* To do: Though the entries contain pictures, the copy you make should hold only the rest, exactly as written.

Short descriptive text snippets

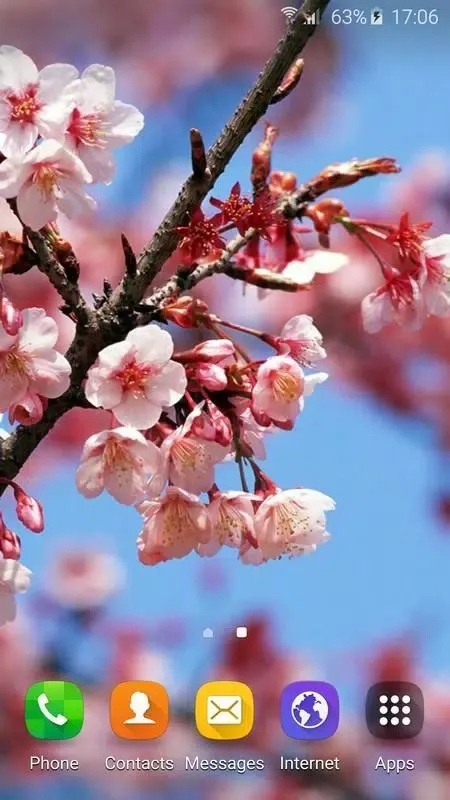 Wallpapers Sakura應用截圖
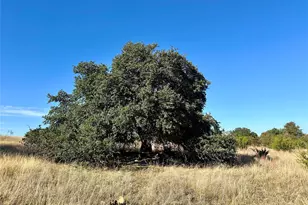 171 Co Rd 306, Goldthwaite, TX 76844 - Photo 13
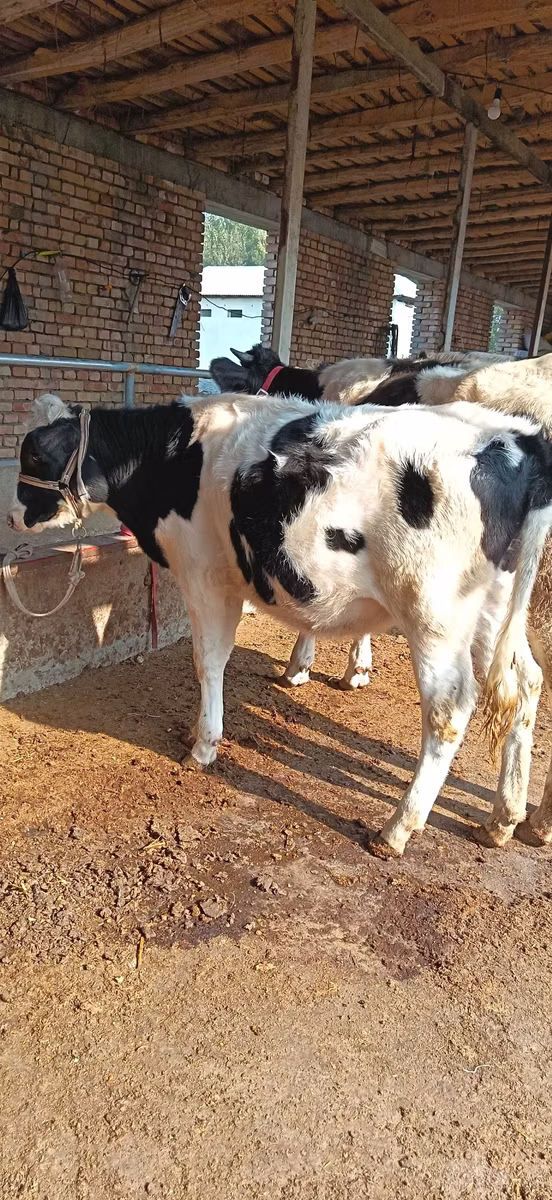 Russian Black pied cattle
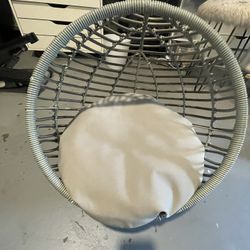 Cat Day Bed 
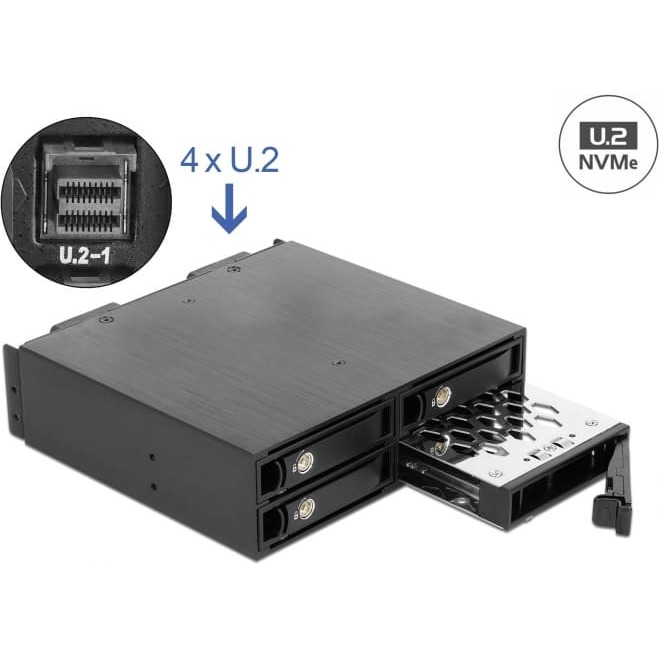 Delock 5.25" Mobile Rack for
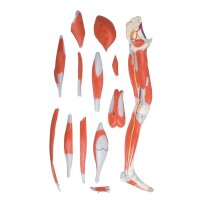 Leg muscles model by Erler Zimmer, can be dismantled,...
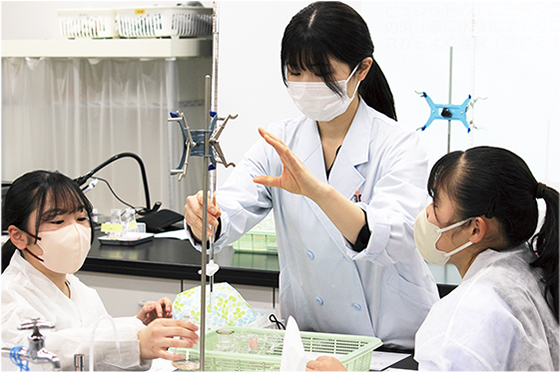 栄養学科の模擬講義の様子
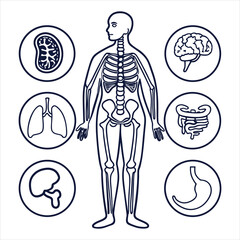 medical-organs-line-icon-set--vector-pictograms-of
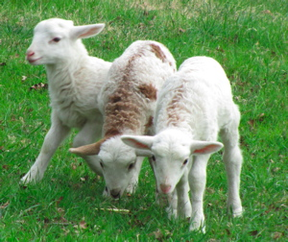2012 Lambs and Kids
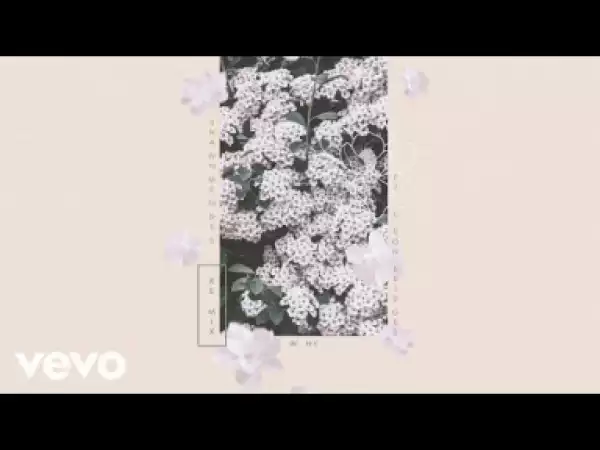 Shawn Mendes - Why (Remix) ft. Leon Bridges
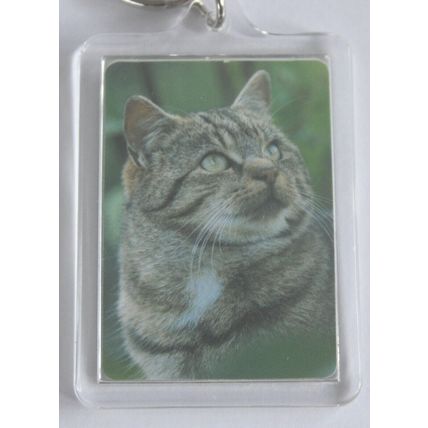 CAT BREED KEY RINGS QUALITY ACRYLIC DOUBLE SIDED PHOTO KEY RINGS 8 BREEDS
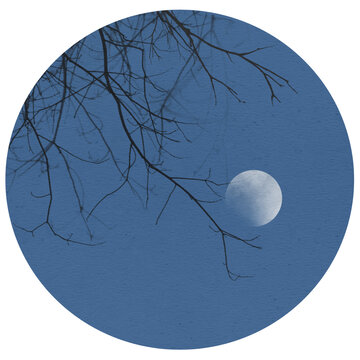 夜晚的樹與月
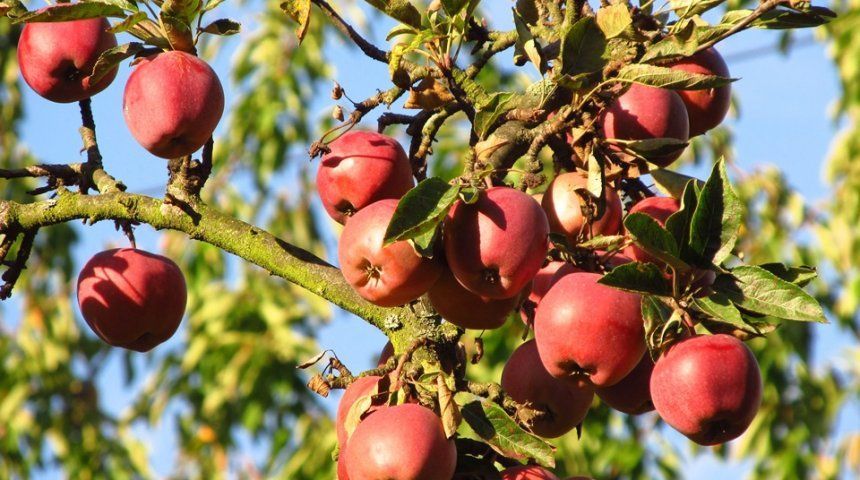 Лучшие сорта яблонь для урала фото с названиями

* Answer below:
 Wallpapers Sakura應用截圖
 171 Co Rd 306, Goldthwaite, TX 76844 - Photo 13
 Russian Black pied cattle
 Cat Day Bed 
 Delock 5.25" Mobile Rack for
 Leg muscles model by Erler Zimmer, can be dismantled,...
 栄養学科の模擬講義の様子
 medical-organs-line-icon-set--vector-pictograms-of
2012 Lambs and Kids
 Shawn Mendes - Why (Remix) ft. Leon Bridges
 CAT BREED KEY RINGS QUALITY ACRYLIC DOUBLE SIDED PHOTO KEY RINGS 8 BREEDS
 夜晚的樹與月
 Лучшие сорта яблонь для урала фото с названиями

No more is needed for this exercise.